>>

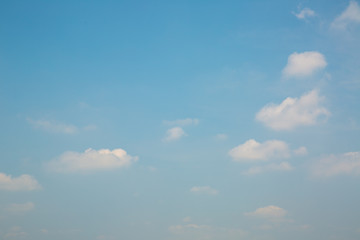 Natural sky beautiful blue and white texture background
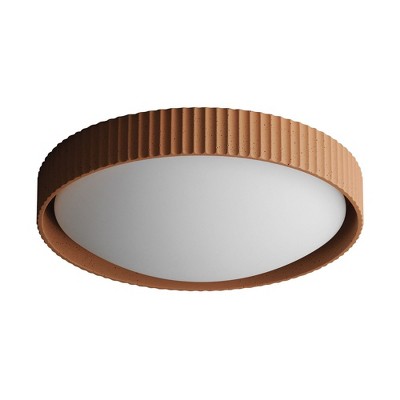 ET2 Lighting Souffle 1 - Light Flush Mount in  Terracotta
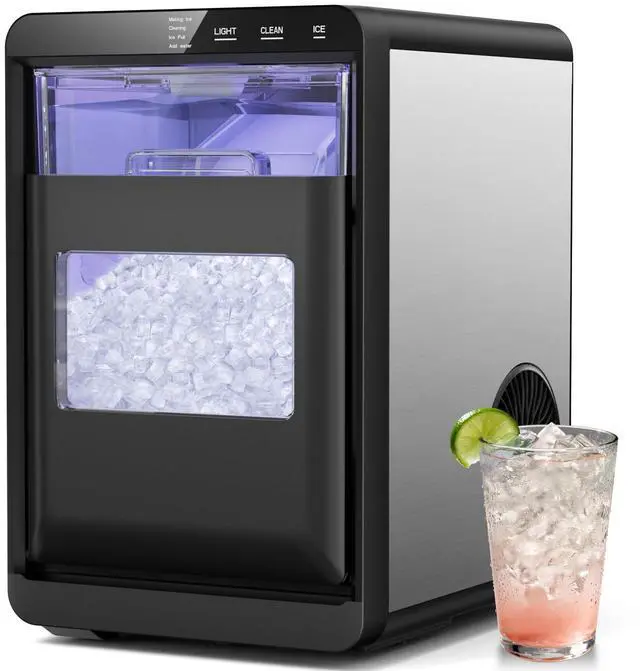Main image of Nugget Ice Maker, 44lbs/24h Ice Makers Countertop, Self-Cleaning Pellet Ice Maker with LCD Display, 5-15 Minute Fast Ice Making, Chewable Ice Maker for Home/Kitchen/Office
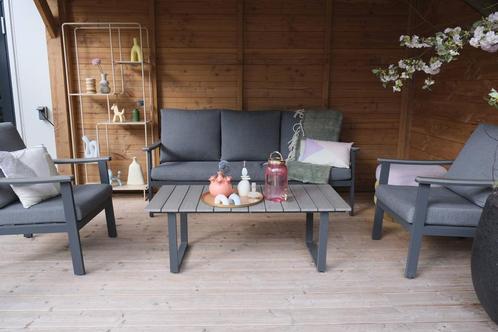 Loungeset Dublin antraciet, Tuin en Terras, Tuinsets en Loungesets, Ophalen of Verzenden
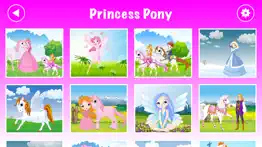 How to cancel & delete princess pony puzzle 3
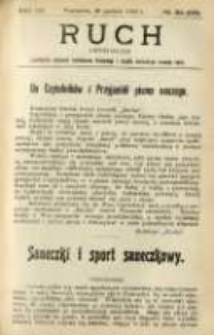 Ruch: dwutygodnik poświęcony sprawom wychowania fizycznego i w og&oacute;le normalnego rozwoju ciała 1908.12.26 R.3 No.24=66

<<

What the task requires: Leaving out all pictures, transcribe the listing exactly.

Answer below:
 Natural sky beautiful blue and white texture background
 ET2 Lighting Souffle 1 - Light Flush Mount in  Terracotta
Main image of Nugget Ice Maker, 44lbs/24h Ice Makers Countertop, Self-Cleaning Pellet Ice Maker with LCD Display, 5-15 Minute Fast Ice Making, Chewable Ice Maker for Home/Kitchen/Office
 Loungeset Dublin antraciet, Tuin en Terras, Tuinsets en Loungesets, Ophalen of Verzenden
 How to cancel & delete princess pony puzzle 3
 Ruch: dwutygodnik poświęcony sprawom wychowania fizycznego i w og&oacute;le normalnego rozwoju ciała 1908.12.26 R.3 No.24=66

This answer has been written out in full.